> _EXERCISE DIRECTIONS_: Leave out all pictures and retype exactly the lines from the one with "Gap Kadın Çanta GAP1524" through the last line of the material.

> _DATA EXTRACTS_:

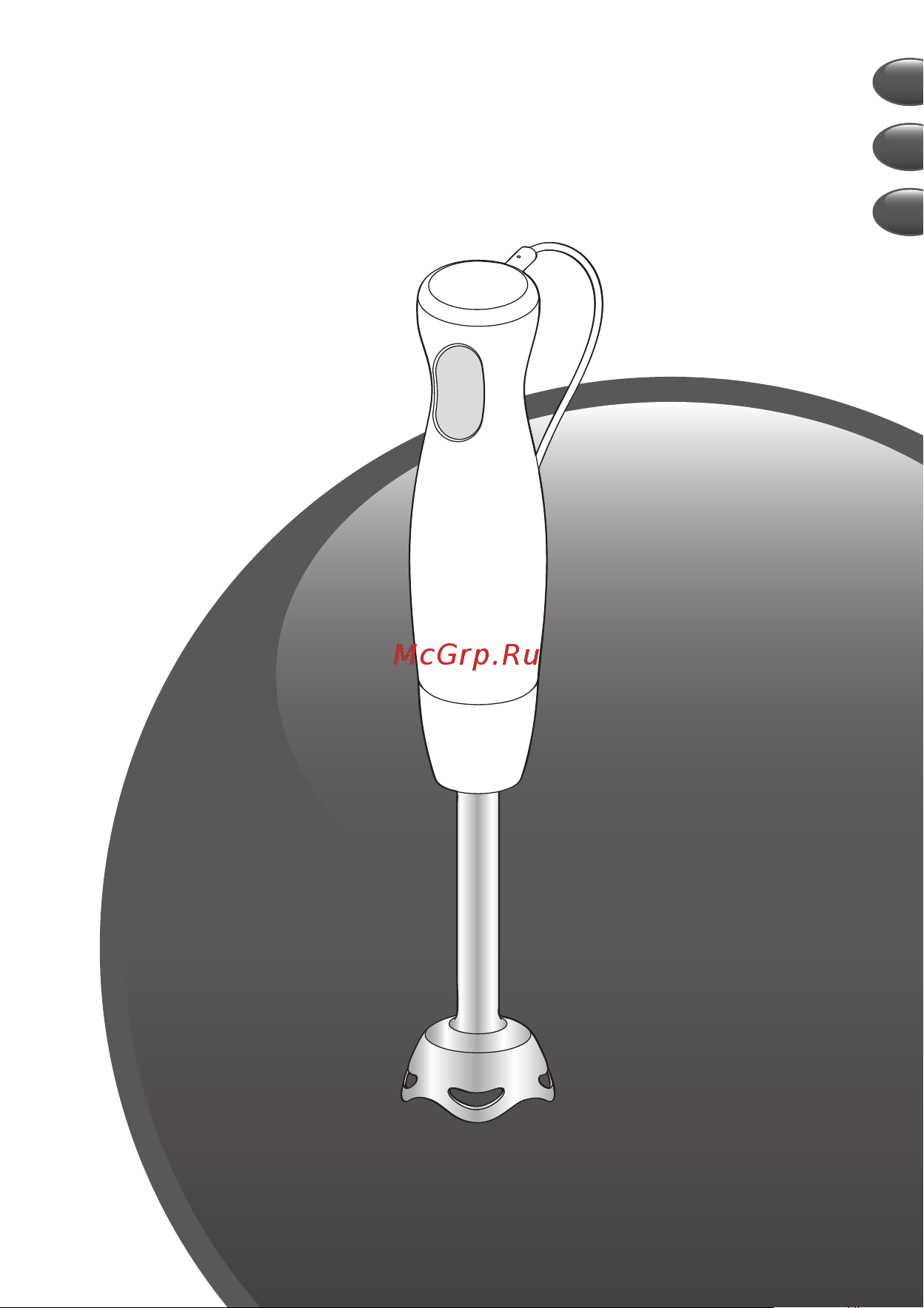 Moulinex Optichef DD642132 Руководство по эксплуатации онлайн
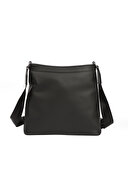 Gap Kadın Çanta GAP1524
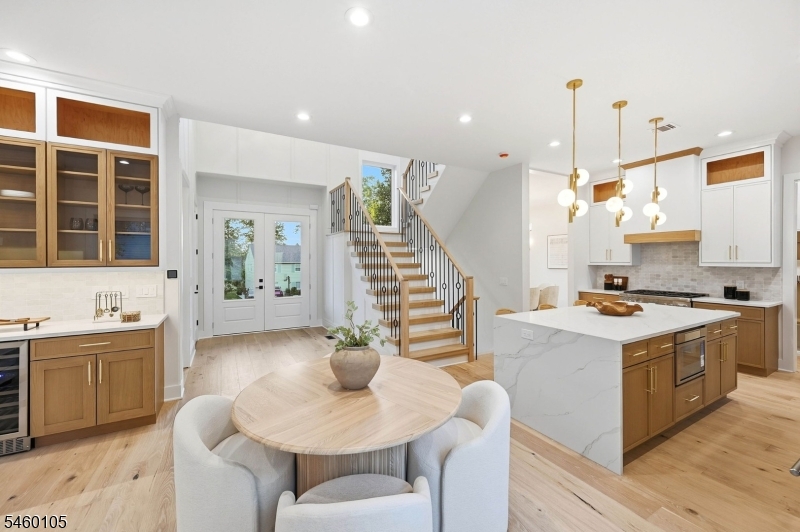 25 Claremont Avenue Livingston NJ 07039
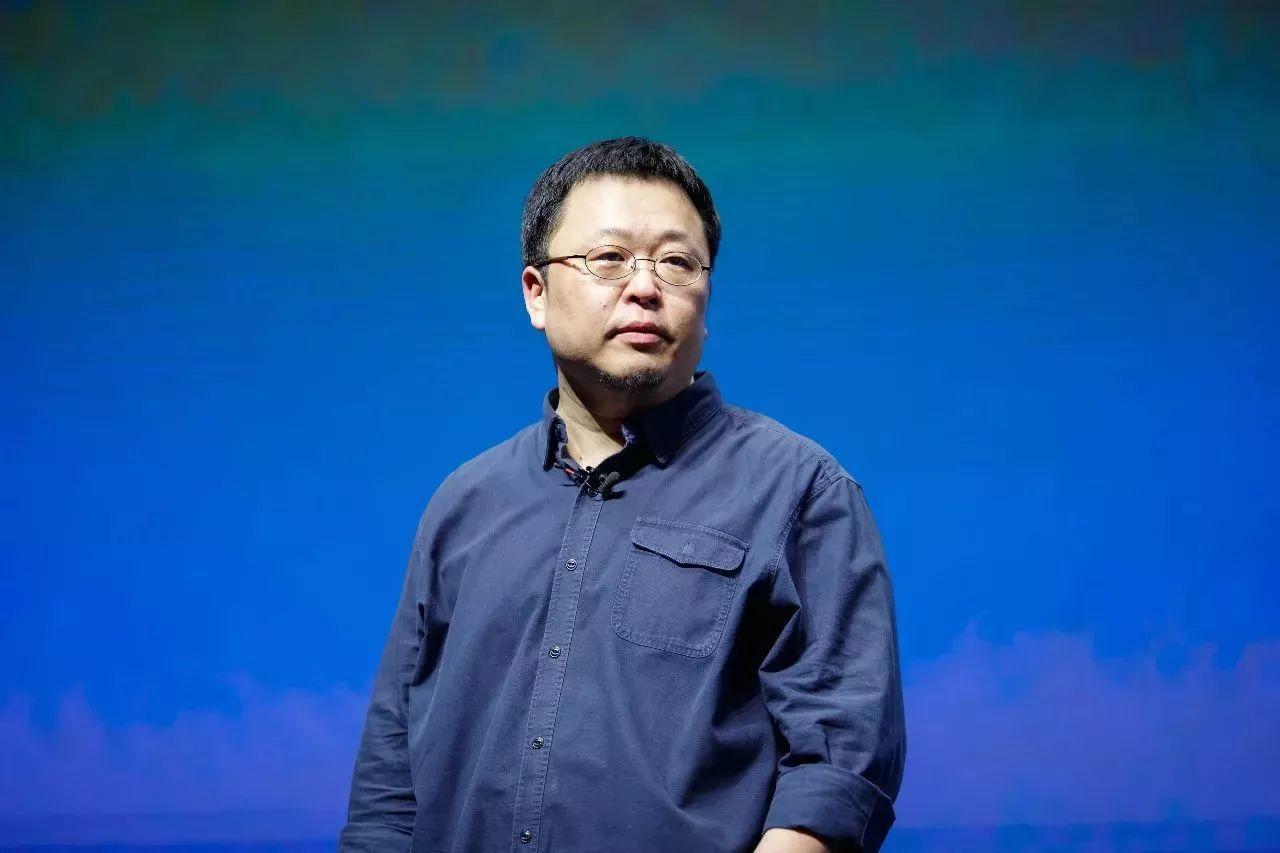 罗永浩为还债开辟带货新平台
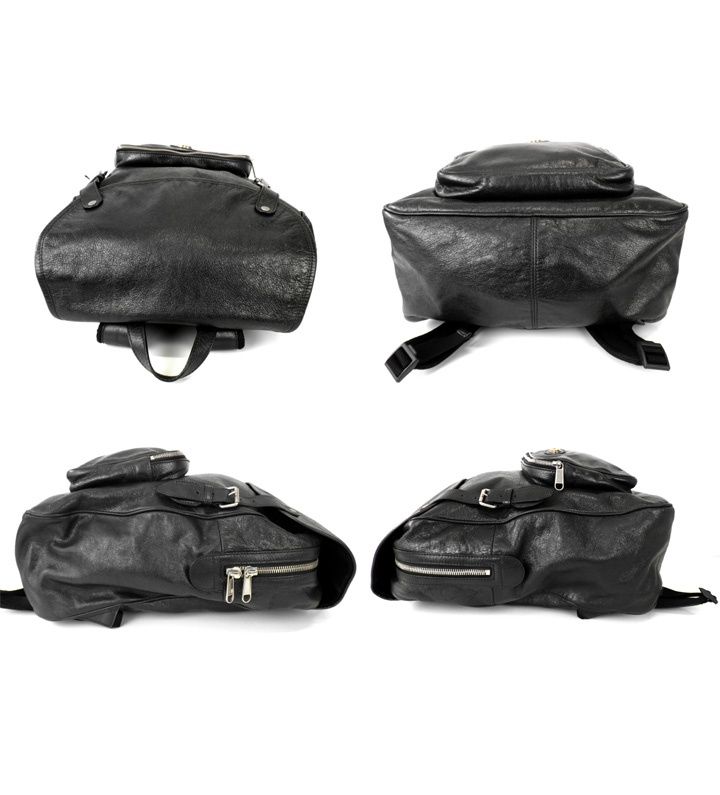 GUCCI 575823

> _OUTPUT FOR THIS EXERCISE_:
 Gap Kadın Çanta GAP1524
 25 Claremont Avenue Livingston NJ 07039
 罗永浩为还债开辟带货新平台
 GUCCI 575823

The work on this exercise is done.